I know that there is a debate about storing all source code in a mono-repo vs multiple repos.
I am thinking about it from a security perspective - a separation to multiple repos reduces the risk of source code exposure/leakage and enable more granular access. However, maybe this isn't a high risk as having an insider threat or an account takeover that may inject a malicious code, so setting up codeowners will do the work even in a mono-repo.
What are your thoughts?
I believe that components that move at a different pace and change for different reason should not be in the same repo. It is difficult to setup CI/CD for different ways of deployment and specially if they not changing at the same time.
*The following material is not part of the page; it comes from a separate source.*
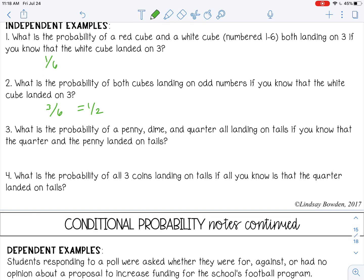Number 3: What is the probability of a penny, dime, and quarter all landing on tails if you know that the quarter and penny landed on tails? We've already tossed the quarter and the penny, but those are not going to affect the dime — these are independent events. It doesn't matter what's already happened, so the probability of the dime landing on tails is one-half.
Now, regarding security, it is important to keep different components of a product in different repos, this will give you the flexibility to manage a more restricted set of credentials and reduce the number of people that have access to it.
In the end it involved 3 things: 1) Sources of Change, 2) CI/CD Processes and 3) Security. You can definitely mix and match.
But when that commit goes to be deployed and you don’t have atomic/transactional deploys across services, you get downtime between the first service’s deploy finishing and the second’s.
- All code should require manual review from at least one other person (some orgs require 2+). It should be impossible to introduce a code change to any code base with a single compromised developer account. This is true of mono or multi repo
- The only really dangerous shit (like private keys, admin credentials) should not be accessible or committed to repos at all, ever.
- I've never worked anywhere where a source code leak was a legitimate threat (note: not that it wasn't a concern, just that it doesn't normally have drastic consequences, your code isn't as special as you think)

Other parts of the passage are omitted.